Kansas City, Mo., to Spend $2.5 B over 25 Years to Stop Overflows
Kansas City, Mo., has agreed to make extensive improvements to its sewer systems, at a cost estimated to exceed $2.5 billion over 25 years, to eliminate unauthorized overflows of untreated raw sewage and to reduce pollution levels in urban stormwater, the Justice Department and U.S. Environmental Protection Agency announced on May 18.
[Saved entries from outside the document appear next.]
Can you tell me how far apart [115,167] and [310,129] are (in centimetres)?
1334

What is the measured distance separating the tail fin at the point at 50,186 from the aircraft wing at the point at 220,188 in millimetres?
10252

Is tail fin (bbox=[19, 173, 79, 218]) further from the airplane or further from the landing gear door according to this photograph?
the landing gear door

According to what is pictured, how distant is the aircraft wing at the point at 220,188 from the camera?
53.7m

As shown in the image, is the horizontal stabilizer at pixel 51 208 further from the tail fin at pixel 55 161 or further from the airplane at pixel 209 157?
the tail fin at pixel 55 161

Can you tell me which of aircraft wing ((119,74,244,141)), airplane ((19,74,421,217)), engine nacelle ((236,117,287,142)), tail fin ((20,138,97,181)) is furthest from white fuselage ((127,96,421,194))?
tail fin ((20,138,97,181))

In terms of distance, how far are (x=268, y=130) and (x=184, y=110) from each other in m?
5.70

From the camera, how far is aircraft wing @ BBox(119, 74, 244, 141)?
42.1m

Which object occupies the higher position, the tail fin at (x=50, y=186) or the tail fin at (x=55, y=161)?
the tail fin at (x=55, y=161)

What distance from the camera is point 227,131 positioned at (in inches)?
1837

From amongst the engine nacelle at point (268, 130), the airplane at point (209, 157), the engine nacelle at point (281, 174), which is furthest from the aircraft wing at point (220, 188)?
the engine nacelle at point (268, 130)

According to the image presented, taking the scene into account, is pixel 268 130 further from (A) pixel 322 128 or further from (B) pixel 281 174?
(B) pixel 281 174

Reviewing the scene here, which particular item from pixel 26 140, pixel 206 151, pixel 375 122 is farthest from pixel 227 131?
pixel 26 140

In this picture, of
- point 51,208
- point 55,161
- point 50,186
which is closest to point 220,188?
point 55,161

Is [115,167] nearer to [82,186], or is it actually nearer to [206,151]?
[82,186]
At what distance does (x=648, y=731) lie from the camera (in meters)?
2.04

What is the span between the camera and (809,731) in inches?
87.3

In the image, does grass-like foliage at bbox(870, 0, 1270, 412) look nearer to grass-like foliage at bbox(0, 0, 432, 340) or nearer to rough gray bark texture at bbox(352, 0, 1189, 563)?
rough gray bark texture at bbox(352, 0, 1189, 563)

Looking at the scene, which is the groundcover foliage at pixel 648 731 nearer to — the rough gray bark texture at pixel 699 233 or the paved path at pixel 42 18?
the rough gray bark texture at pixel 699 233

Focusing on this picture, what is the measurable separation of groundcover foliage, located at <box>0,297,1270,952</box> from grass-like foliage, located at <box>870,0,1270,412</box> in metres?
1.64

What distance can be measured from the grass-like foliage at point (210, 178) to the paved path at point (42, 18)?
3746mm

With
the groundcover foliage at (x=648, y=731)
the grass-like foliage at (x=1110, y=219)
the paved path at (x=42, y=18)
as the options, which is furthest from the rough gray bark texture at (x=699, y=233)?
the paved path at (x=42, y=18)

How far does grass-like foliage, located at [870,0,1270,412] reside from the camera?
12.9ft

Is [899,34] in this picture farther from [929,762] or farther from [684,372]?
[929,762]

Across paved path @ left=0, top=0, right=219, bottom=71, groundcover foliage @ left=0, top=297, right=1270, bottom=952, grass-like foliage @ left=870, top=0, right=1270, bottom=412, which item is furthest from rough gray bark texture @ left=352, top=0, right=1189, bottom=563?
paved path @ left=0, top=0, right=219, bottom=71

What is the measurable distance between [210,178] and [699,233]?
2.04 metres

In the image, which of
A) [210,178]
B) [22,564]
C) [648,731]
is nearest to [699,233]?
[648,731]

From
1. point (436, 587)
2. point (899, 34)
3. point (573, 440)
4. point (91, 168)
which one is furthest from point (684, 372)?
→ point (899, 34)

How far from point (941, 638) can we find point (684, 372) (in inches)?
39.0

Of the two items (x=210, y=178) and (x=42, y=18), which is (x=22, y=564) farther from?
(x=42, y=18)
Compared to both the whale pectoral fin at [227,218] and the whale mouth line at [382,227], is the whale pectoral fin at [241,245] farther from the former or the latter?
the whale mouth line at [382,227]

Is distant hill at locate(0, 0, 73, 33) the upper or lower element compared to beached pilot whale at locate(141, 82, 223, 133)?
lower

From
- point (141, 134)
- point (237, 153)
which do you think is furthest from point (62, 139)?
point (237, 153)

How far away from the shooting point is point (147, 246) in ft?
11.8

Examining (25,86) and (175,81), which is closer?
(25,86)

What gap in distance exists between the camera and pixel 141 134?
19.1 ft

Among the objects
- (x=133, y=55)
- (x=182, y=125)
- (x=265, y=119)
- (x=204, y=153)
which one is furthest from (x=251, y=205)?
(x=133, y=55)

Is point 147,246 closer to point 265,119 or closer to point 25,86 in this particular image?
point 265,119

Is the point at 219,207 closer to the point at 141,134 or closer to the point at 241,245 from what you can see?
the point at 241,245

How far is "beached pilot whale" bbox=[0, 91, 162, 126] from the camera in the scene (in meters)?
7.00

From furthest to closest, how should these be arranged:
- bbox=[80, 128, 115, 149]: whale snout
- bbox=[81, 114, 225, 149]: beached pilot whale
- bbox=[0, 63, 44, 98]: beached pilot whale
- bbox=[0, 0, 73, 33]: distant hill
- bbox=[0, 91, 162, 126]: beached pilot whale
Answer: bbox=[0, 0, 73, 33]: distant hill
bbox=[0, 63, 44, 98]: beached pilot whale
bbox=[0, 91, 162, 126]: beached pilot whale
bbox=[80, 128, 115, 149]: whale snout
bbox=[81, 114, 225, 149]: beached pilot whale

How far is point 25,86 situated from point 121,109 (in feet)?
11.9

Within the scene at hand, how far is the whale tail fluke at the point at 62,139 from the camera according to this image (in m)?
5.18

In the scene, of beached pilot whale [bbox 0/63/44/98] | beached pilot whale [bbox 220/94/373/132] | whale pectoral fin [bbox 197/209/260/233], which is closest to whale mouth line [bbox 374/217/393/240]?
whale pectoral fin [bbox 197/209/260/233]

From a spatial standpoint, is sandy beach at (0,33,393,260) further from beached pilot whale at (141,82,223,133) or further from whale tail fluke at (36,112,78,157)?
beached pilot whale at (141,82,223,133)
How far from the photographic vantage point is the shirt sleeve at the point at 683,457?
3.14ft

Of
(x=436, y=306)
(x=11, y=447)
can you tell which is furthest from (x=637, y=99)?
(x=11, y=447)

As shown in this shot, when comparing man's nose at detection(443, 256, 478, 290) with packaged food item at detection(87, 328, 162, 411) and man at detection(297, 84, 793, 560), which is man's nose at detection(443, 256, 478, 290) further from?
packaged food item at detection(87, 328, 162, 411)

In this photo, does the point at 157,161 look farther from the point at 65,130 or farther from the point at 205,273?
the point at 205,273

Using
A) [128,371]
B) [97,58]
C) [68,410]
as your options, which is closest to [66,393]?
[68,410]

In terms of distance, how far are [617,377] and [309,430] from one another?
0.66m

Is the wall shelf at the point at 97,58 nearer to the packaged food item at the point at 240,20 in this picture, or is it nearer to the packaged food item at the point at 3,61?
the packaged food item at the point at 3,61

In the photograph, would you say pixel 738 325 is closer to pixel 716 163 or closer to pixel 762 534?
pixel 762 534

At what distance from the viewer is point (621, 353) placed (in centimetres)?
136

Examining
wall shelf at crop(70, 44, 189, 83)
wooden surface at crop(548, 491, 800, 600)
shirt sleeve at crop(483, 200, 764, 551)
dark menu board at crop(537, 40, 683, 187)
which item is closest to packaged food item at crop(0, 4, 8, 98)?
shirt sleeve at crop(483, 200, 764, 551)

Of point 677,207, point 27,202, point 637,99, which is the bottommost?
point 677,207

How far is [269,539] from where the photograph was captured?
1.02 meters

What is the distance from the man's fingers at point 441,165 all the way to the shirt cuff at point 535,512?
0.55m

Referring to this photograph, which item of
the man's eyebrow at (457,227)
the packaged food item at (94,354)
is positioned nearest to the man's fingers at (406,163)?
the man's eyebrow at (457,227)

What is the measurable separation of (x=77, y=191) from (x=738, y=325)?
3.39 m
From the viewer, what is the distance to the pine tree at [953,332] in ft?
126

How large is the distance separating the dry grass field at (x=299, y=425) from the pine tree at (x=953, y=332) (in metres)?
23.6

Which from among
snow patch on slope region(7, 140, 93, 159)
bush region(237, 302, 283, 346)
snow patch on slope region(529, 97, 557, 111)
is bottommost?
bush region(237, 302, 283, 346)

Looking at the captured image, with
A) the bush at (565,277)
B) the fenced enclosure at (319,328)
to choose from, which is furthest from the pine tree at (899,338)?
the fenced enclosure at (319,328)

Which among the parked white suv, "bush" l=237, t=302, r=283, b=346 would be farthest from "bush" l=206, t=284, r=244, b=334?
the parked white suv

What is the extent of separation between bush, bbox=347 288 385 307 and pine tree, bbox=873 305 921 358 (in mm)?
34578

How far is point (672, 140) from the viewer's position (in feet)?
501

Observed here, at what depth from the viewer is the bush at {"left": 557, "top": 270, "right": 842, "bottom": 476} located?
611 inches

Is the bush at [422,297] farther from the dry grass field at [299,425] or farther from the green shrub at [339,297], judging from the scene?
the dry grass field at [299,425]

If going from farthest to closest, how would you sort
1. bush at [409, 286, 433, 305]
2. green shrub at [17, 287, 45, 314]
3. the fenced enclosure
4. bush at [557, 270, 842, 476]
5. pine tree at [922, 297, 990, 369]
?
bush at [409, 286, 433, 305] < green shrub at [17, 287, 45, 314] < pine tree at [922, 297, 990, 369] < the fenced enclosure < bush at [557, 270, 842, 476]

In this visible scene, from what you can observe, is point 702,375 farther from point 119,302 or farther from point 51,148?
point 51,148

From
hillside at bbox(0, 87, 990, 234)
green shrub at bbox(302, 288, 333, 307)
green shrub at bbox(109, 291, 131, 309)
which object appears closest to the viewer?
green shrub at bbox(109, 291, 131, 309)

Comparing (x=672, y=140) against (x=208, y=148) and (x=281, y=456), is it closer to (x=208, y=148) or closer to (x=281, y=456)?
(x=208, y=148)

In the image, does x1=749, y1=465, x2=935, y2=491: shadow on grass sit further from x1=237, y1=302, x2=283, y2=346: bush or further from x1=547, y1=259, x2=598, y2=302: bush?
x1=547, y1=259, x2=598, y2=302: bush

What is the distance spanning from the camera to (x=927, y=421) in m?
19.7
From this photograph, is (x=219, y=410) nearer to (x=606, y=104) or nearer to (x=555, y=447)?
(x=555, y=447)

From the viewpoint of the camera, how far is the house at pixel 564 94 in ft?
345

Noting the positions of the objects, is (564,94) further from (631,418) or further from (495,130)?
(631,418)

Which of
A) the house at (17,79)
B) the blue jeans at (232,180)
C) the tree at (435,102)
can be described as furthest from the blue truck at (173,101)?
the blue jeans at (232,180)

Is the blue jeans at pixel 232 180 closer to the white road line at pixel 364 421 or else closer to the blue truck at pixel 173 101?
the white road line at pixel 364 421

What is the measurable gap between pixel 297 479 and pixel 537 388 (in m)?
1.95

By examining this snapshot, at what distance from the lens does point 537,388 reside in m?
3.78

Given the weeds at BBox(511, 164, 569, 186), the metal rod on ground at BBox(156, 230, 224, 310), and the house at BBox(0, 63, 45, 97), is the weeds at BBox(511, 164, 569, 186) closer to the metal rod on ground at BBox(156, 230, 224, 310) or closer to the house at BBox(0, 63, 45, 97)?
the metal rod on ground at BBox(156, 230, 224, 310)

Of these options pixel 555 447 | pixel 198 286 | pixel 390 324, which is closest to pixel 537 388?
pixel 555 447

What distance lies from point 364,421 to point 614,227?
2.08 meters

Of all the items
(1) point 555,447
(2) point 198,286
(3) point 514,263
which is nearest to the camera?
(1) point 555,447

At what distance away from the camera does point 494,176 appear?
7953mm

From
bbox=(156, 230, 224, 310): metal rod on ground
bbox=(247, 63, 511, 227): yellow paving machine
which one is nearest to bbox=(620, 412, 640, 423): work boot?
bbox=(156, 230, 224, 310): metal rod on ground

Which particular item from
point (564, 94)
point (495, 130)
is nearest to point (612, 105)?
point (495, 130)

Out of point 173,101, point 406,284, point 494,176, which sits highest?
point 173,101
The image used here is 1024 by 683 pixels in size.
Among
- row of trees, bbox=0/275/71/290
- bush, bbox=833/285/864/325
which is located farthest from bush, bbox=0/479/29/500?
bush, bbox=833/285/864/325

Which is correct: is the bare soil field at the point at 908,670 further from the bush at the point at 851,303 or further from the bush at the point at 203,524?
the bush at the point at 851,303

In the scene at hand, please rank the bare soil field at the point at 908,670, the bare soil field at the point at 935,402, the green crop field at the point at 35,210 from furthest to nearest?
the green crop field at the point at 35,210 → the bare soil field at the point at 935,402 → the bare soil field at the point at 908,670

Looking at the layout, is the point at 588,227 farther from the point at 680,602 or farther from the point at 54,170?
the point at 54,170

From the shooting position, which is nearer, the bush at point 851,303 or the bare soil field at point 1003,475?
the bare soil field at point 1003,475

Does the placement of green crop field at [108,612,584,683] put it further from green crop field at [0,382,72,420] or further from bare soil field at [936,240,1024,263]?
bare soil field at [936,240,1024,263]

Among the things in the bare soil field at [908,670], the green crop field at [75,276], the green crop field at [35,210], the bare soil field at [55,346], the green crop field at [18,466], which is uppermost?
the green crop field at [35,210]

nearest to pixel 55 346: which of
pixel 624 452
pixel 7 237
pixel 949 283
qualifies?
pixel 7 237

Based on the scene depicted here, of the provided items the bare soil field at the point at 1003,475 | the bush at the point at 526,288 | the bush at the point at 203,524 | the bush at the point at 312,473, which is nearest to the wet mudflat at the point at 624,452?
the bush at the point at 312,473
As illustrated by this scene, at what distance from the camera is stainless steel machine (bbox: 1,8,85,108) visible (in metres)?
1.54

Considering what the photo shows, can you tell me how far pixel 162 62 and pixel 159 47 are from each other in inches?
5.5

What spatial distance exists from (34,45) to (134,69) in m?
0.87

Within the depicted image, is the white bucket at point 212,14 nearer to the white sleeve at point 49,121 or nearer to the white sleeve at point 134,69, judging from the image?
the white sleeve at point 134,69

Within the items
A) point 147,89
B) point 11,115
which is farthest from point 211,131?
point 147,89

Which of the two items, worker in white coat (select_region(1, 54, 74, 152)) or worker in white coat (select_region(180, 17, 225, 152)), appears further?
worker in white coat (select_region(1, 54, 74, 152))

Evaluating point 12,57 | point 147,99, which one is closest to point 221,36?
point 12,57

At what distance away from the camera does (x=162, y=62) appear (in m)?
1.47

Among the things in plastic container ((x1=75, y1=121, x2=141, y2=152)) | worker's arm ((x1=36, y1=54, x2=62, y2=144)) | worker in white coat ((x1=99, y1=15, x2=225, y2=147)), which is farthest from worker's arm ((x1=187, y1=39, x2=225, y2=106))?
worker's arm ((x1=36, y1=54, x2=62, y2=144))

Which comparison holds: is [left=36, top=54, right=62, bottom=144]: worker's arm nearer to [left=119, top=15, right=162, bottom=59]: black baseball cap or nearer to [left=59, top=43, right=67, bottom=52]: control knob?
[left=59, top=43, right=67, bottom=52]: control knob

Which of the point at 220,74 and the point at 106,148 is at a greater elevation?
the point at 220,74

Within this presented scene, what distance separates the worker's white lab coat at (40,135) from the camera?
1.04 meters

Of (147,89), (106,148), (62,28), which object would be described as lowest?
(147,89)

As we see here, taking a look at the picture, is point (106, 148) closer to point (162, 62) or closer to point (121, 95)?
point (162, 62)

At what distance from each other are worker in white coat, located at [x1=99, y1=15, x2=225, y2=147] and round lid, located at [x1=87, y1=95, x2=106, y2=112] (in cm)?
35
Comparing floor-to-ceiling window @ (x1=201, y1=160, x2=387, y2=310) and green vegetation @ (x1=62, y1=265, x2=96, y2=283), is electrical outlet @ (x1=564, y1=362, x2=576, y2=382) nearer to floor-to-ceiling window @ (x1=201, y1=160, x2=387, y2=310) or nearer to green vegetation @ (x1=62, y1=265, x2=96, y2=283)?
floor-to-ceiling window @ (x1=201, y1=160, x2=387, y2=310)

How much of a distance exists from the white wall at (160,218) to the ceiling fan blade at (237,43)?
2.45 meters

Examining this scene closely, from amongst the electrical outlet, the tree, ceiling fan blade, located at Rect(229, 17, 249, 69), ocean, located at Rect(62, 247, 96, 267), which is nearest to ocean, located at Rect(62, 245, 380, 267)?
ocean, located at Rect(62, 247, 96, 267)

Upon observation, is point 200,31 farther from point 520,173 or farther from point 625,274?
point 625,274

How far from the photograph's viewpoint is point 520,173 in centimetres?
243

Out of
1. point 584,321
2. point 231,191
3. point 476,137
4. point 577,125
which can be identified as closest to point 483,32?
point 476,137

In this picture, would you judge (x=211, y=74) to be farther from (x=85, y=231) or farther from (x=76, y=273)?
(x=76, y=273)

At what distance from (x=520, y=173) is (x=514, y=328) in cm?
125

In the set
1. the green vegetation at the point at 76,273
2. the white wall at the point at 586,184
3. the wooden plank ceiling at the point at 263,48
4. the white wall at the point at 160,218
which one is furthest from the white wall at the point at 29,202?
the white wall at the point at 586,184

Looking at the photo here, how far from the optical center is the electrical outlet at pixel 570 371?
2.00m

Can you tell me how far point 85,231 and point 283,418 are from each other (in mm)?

A consent decree in U.S. District Court for the Western District of Missouri, in Kansas City, Mo., requires the city to implement an Overflow Control Plan, which is the result of more than four years of public input. The plan is designed to yield significant long-term benefits to public health and the environment and provide a model for the incorporation of green infrastructure and technology toward solving overflow issues.
When completed, the sanitary sewer system will have adequate infrastructure to capture and convey combined stormwater and sewage to the city’s treatment plants.
“The agreement prioritizes neighborhood sewer rehabilitation projects in the urban core, reducing basement and other sewer backups and thereby significantly improving public health,” said Ignacia S. Moreno, assistant attorney general for the Justice Department’s Environment and Natural Resources Division.
Under the agreement, Kansas City will pay a civil penalty of $600,000 to the United States, in addition to the estimated $2.5 billion it will spend to repair, modify and rebuild its sewer system. The plan is also structured to encourage the city to use natural or engineered “green infrastructure,” such as green roofs, rain gardens and permeable pavement, to minimize stormwater burdens on the improved system.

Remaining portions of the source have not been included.